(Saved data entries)
══════════════════════════════

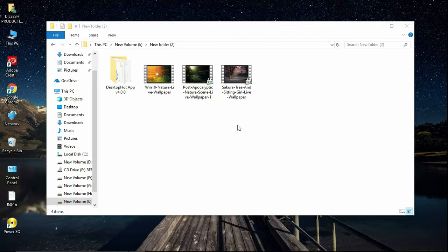I'm going to use my Windows app. I'll use my Windows as well.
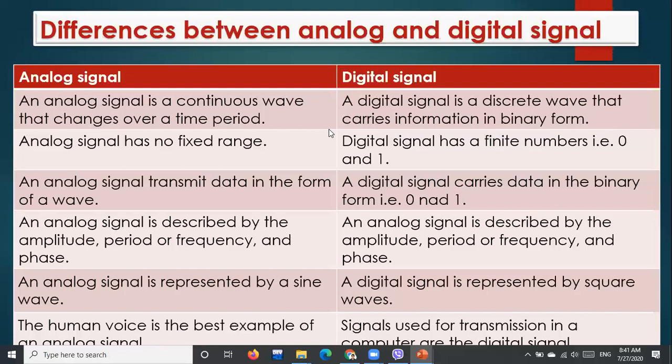One correction: digital signal is described by bit rate and bit interval, whereas the analog signal is described by amplitude, period, and frequency. I will change that and display it on the screen. This is about the differences between analog signals and digital signals.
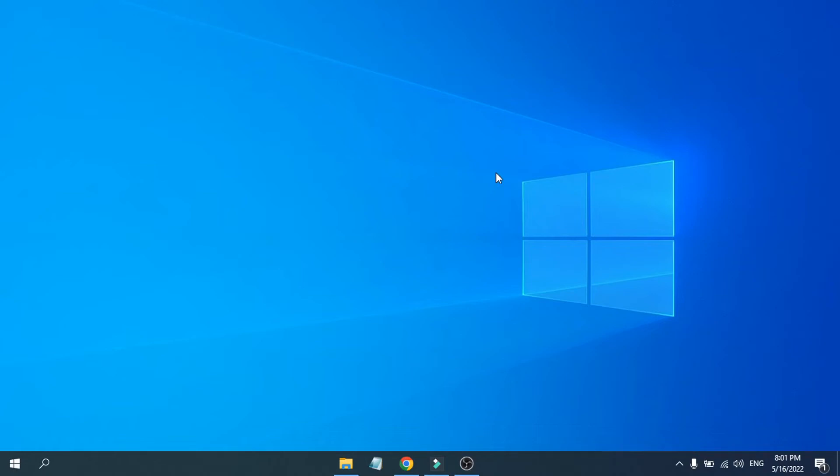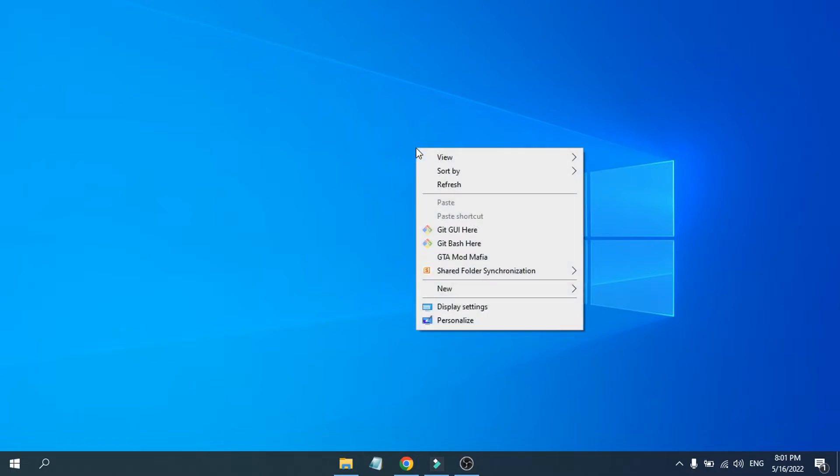Hello everyone, in this video I am going to show you how to check the resolution of your computer monitor or your screen display. So first of all, you need to right-click on your desktop here and you will see an option called Display Settings.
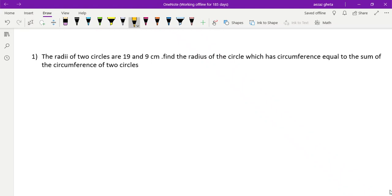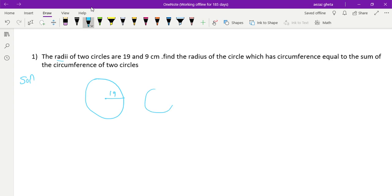Hello everybody, hope you all are doing well. As you know, I discussed the introduction of area related to circles. Now let us start the first exercise. The radii of two circles are given — one circle has radius 19 centimeters and another circle has radius 9 centimeters. Find the radius of a circle which has circumference equal to the sum of the circumferences of the two circles.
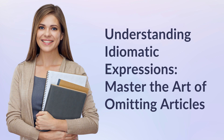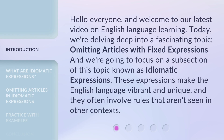Understanding Idiomatic Expressions: Master the Art of Omitting Articles. Hello everyone, and welcome to our latest video on English language learning. Today, we're delving deep into a fascinating topic: omitting articles with fixed expressions. We're going to focus on a subsection of this topic known as idiomatic expressions. These expressions make the English language vibrant and unique, and they often involve rules that aren't seen in other contexts.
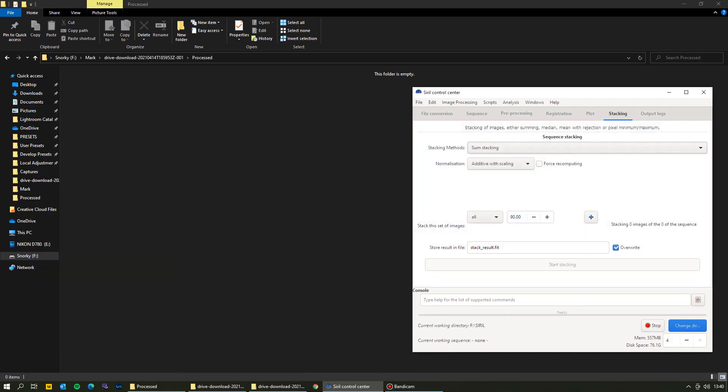Hi, this is Aaron. I was asked to do a quick video on how to use Siril, which is a free application for astrophotography. It provides great results for a free application. There are other paid applications you can upgrade to, but if you're just getting into it, this is a great starting point.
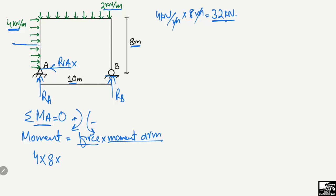The moment arm for this load is the distance from the center of the column to point A, which is 8 divided by 2 = 4 meters. The second force creating a moment about point A is the distributed vertical load on the beam.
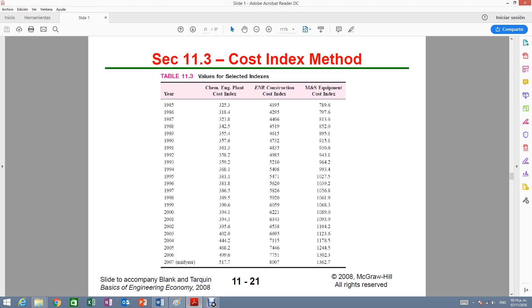So that would be this column right here. There are different indexes depending on the industry that you're dealing with.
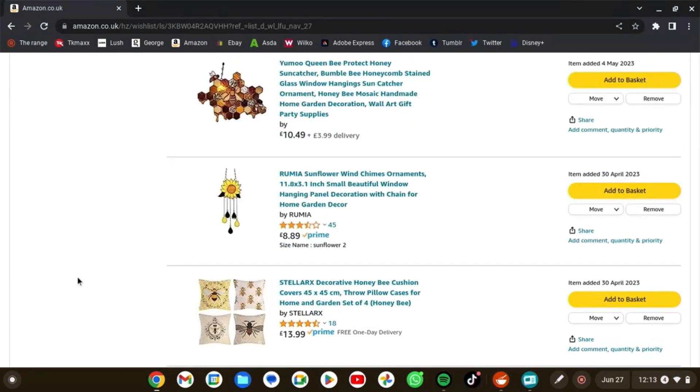And then going with the bee theme, I found this bee sun catcher and this sunflower sun catcher. I think they'll go great with my spookier sun catchers that I plan on buying eventually.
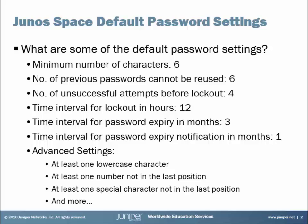Then there are some advanced settings. In these advanced settings, it allows you to turn on or off certain features or parameters, such as at least one lowercase character, at least one number that's not in the last position, at least one special character that's not in the last position, as well as other parameters.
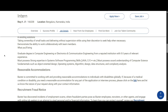You should possess strong expertise in software programming skills like Java, C, C++, and others, and you must have a strong understanding of computer science fundamentals such as object-oriented design, operating systems, algorithms, system design, data structures, and complexity analysis.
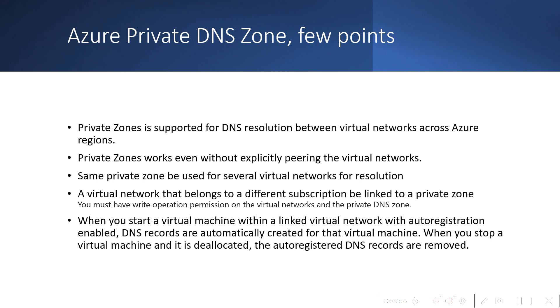You can link a virtual network that belongs to a different subscription, provided you have the right permissions in the virtual networks and in the Private DNS Zone. When you start a virtual machine within a linked virtual network with auto registration enabled, DNS records are automatically created for that virtual machine. When you stop it, the DNS records will be removed automatically.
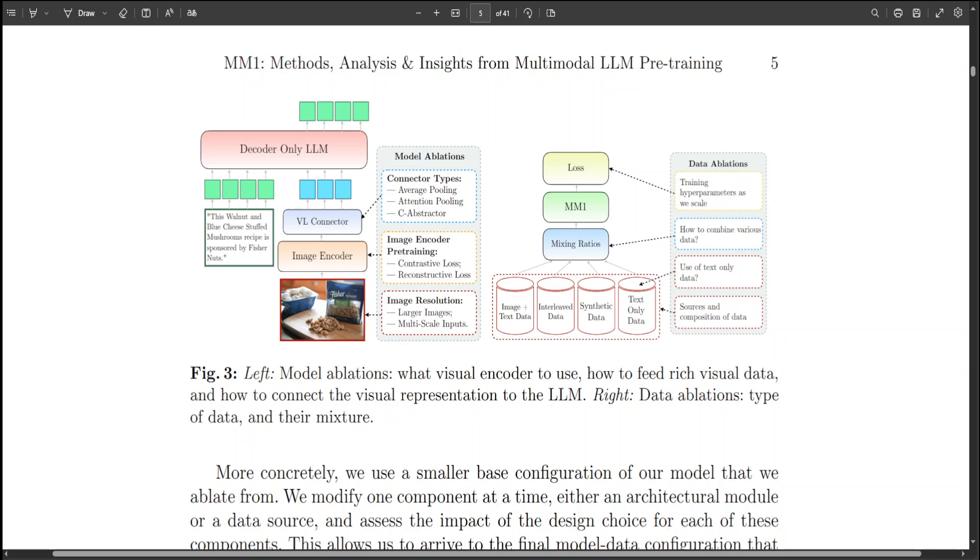Now, I believe that this paper is going to be a real big shot in the coming days because MM1 seems to be a suite of multimodal models with up to 30 billion parameters, including both dense models and mixture of expert variants. These models set new standards in pre-training metrics and exhibit competitive results after supervised fine-tuning on various well-known multimodal benchmarks.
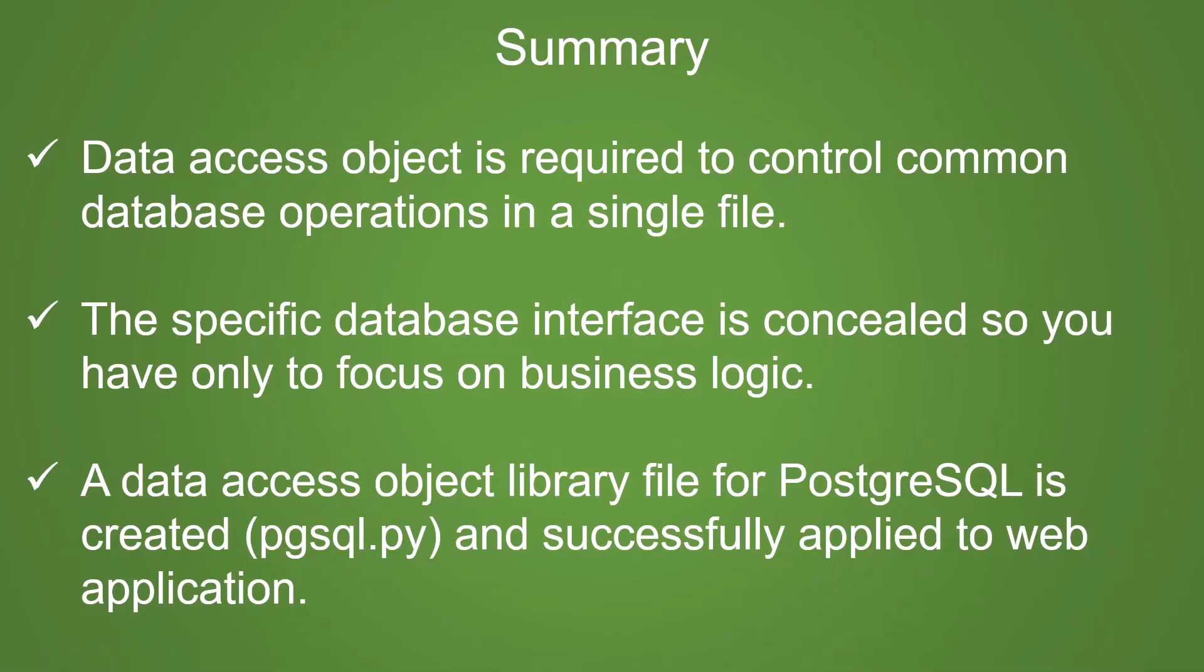In summary, data access object is required to control common database operations in a single file. The specific database interface is concealed, so you have only to focus on business logic. A data access object library file for PostgreSQL is created and successfully applied to web application.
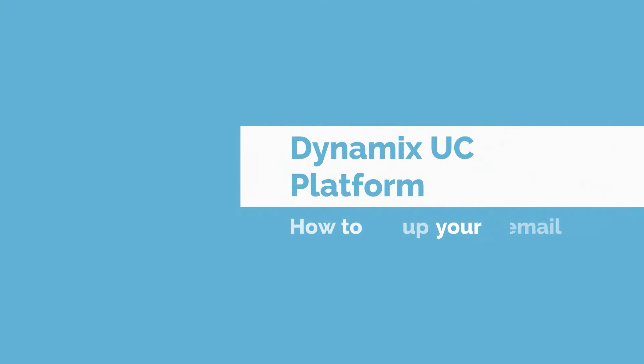Hi, my name is Sandra and today we are going to show you how to set up your voicemail in the Dynamix UC platform.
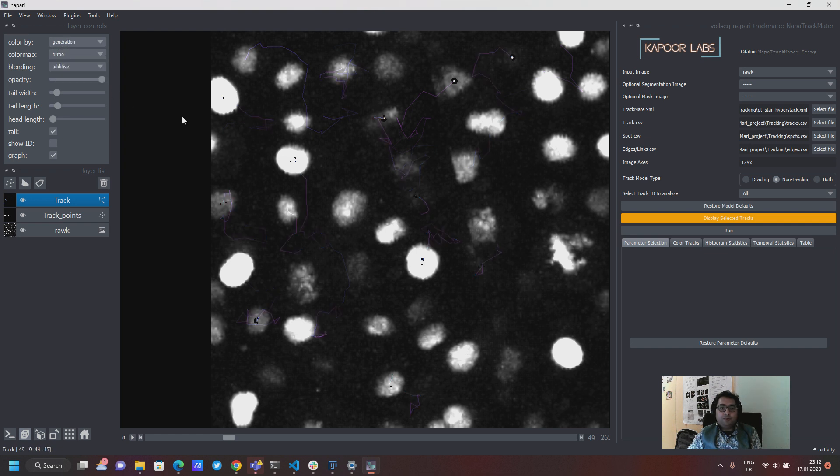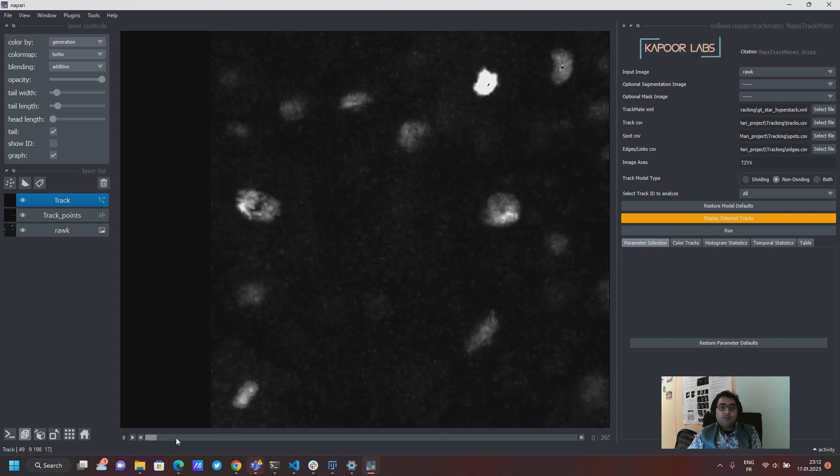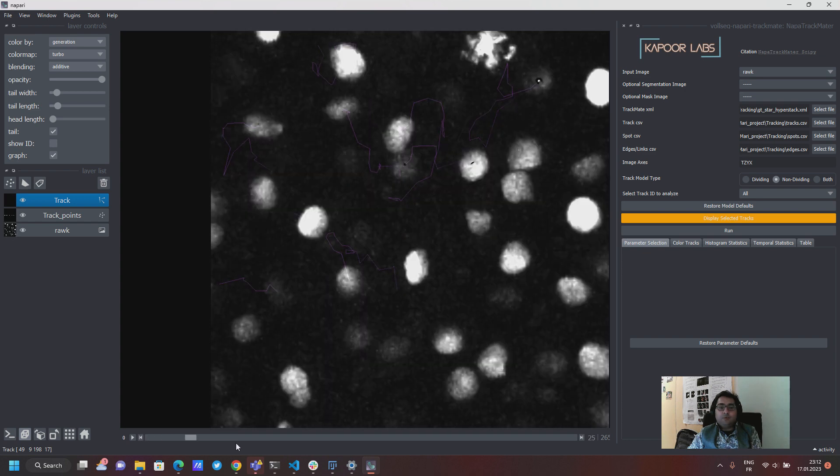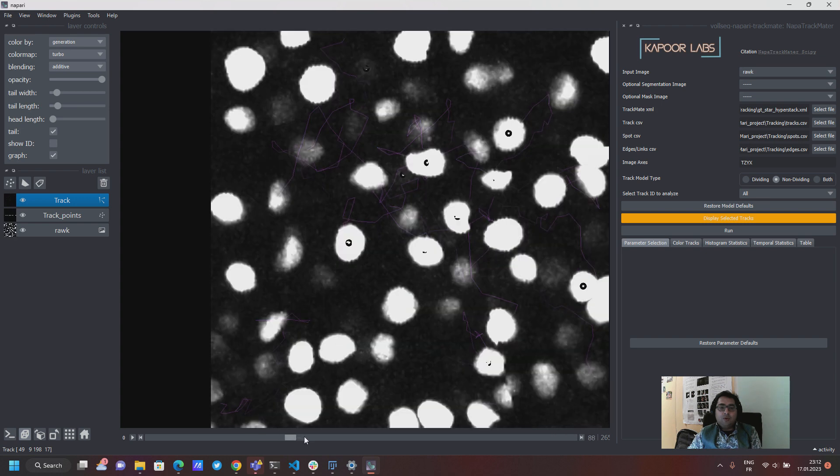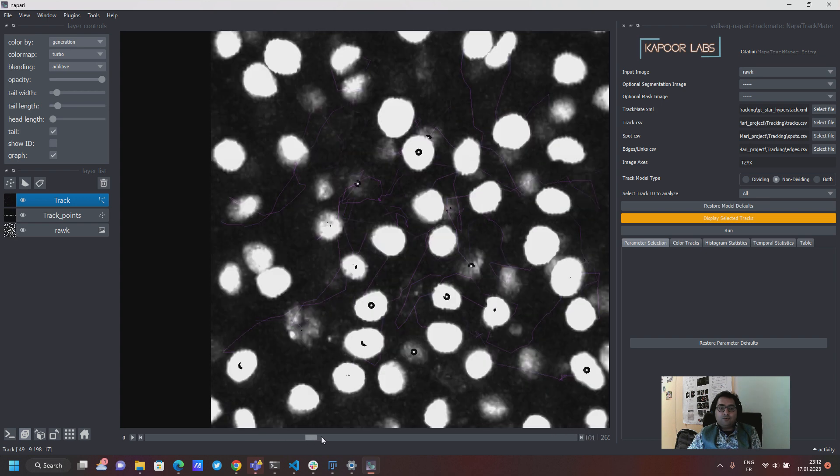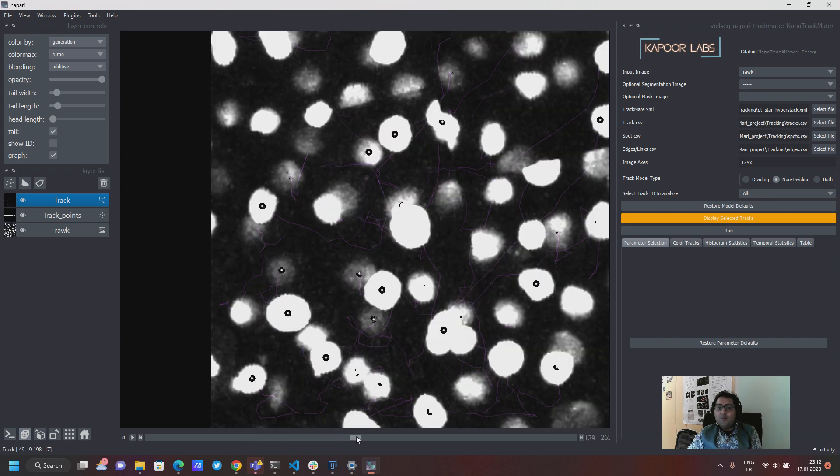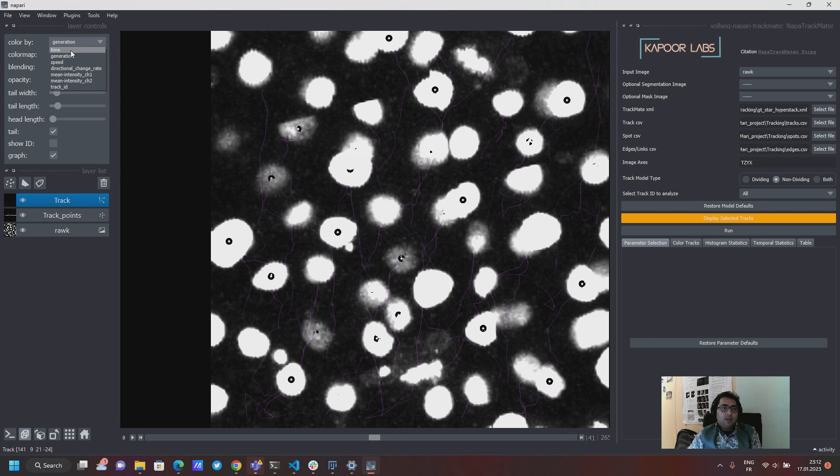Now because these are non-dividing tracks there is actually only one generation which is generation zero. So this is what you see when you actually start to scroll over the time that all of them have the same color. So it's generation zero that's what we expect. And if you don't like it you can see it with time, all of them will have the same color because they are at the same time.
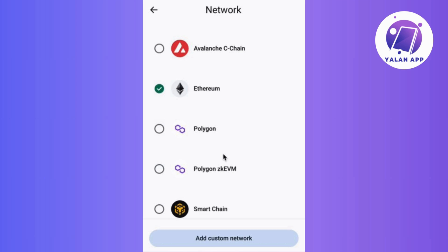And there you have it — switching networks on Trust Wallet in a few simple steps. If you find this video helpful, don't forget to hit the like button and subscribe for more guides and insights on all things Trust Wallet.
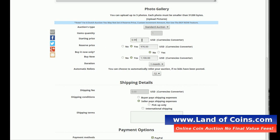Starting price — let's say $9.75. And a reserve price — say we want a reserve on this because it's an expensive coin. We'll put the reserve at $9.76, because the reserve always has to be more than the starting price. It can't be the same — it always has to be more. So $1 more.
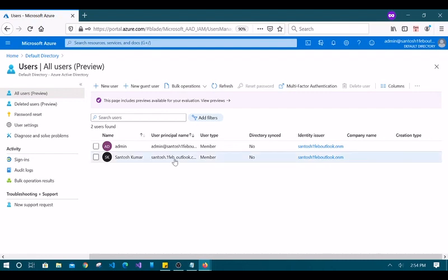This is how we can provide roles to any user, and similarly we can remove roles from any user if you have administrator privileges. This is how we manage users using Azure Active Directory. That's it for this demo — I hope you liked and enjoyed this video. Please subscribe and support so I can provide more Azure resource topics, and comment if you need any specific topic covered. Thank you so much for your time.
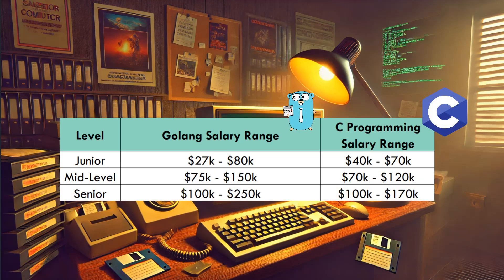Now if you look at the Golang salary range column, you'll find that for junior you will receive from $27k to $80k, the mid-level from $75k to $150k, and senior from $100k to $250k.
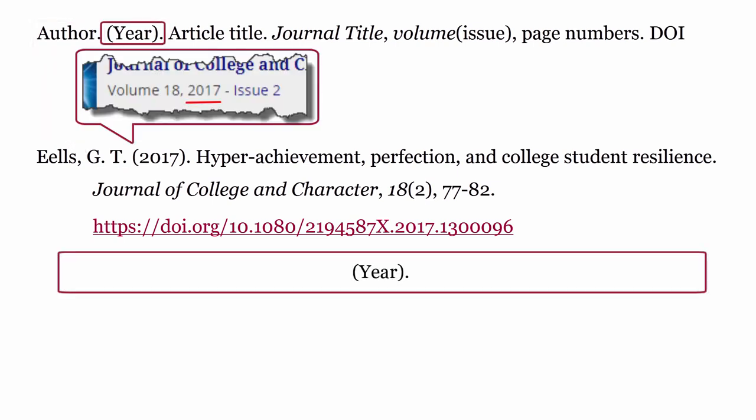Year: This is the year the article was published. It is formatted with the year placed within round brackets, followed by a full stop.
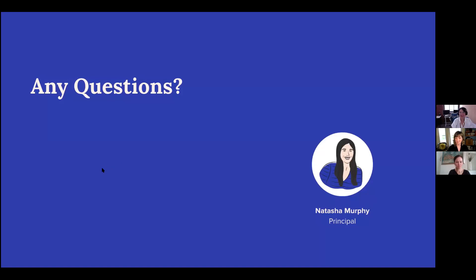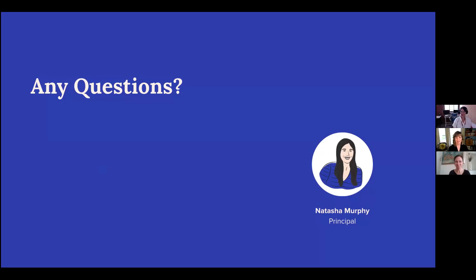That is the end of my presentation, and I will happily answer questions. We have about 10 minutes, so there's a lot of time. Everybody's been asking great questions along the way.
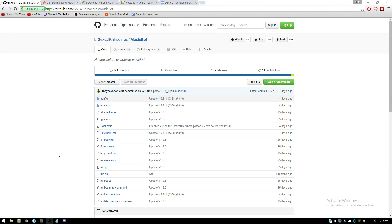Hey guys, what's up. Today I'm going to be showing you how to set up your own music bot for Discord. This isn't going to be one of those mic pass-through things — it's going to be you hosting a server on your computer and playing music. We're going to go ahead and get set up first by downloading off GitHub.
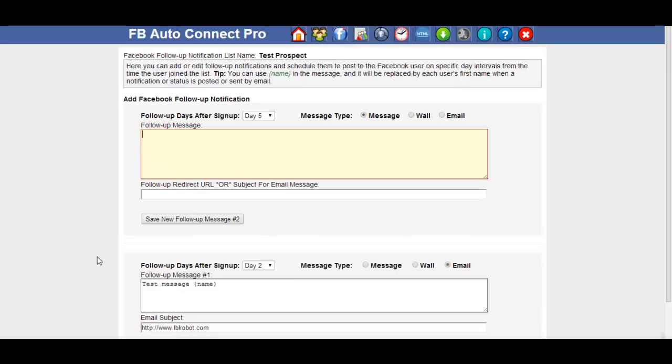A really easy way guys of following up with your prospects. Either by posting a message to their wall, sending an email or sending an instant notification to their Facebook inbox.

══════════════════════════════

• **Goal of the exercise**:
Starting at the line containing "Year: This is", output every remaining line of the records above exactly, the last one included. Nothing else belongs in the output, and no pictures either.

• **Finished task**:
Year: This is the year the article was published. It is formatted with the year placed within round brackets, followed by a full stop.
That is the end of my presentation, and I will happily answer questions. We have about 10 minutes, so there's a lot of time. Everybody's been asking great questions along the way.
Hey guys, what's up. Today I'm going to be showing you how to set up your own music bot for Discord. This isn't going to be one of those mic pass-through things — it's going to be you hosting a server on your computer and playing music. We're going to go ahead and get set up first by downloading off GitHub.
A really easy way guys of following up with your prospects. Either by posting a message to their wall, sending an email or sending an instant notification to their Facebook inbox.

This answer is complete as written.